- [WHAT IS REQUIRED] Here the requirement is to repeat every record exactly, in full.

- [SUPPLIED DATA]
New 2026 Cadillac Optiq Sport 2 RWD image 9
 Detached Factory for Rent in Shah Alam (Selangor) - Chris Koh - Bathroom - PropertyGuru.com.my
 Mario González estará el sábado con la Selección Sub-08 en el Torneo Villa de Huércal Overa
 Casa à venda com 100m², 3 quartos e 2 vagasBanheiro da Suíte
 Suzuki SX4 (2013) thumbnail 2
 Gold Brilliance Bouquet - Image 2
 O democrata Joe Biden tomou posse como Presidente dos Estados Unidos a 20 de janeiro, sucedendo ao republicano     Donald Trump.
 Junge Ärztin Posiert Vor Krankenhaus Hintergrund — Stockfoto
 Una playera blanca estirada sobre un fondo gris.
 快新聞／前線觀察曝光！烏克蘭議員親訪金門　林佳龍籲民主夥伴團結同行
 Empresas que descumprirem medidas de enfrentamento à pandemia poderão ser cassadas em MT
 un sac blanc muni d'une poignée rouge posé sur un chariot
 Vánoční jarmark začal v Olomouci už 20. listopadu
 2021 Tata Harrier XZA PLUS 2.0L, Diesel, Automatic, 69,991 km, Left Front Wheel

- [ANSWER TO THIS EXERCISE]
New 2026 Cadillac Optiq Sport 2 RWD image 9
 Detached Factory for Rent in Shah Alam (Selangor) - Chris Koh - Bathroom - PropertyGuru.com.my
 Mario González estará el sábado con la Selección Sub-08 en el Torneo Villa de Huércal Overa
 Casa à venda com 100m², 3 quartos e 2 vagasBanheiro da Suíte
 Suzuki SX4 (2013) thumbnail 2
 Gold Brilliance Bouquet - Image 2
 O democrata Joe Biden tomou posse como Presidente dos Estados Unidos a 20 de janeiro, sucedendo ao republicano     Donald Trump.
 Junge Ärztin Posiert Vor Krankenhaus Hintergrund — Stockfoto
 Una playera blanca estirada sobre un fondo gris.
 快新聞／前線觀察曝光！烏克蘭議員親訪金門　林佳龍籲民主夥伴團結同行
 Empresas que descumprirem medidas de enfrentamento à pandemia poderão ser cassadas em MT
 un sac blanc muni d'une poignée rouge posé sur un chariot
 Vánoční jarmark začal v Olomouci už 20. listopadu
 2021 Tata Harrier XZA PLUS 2.0L, Diesel, Automatic, 69,991 km, Left Front Wheel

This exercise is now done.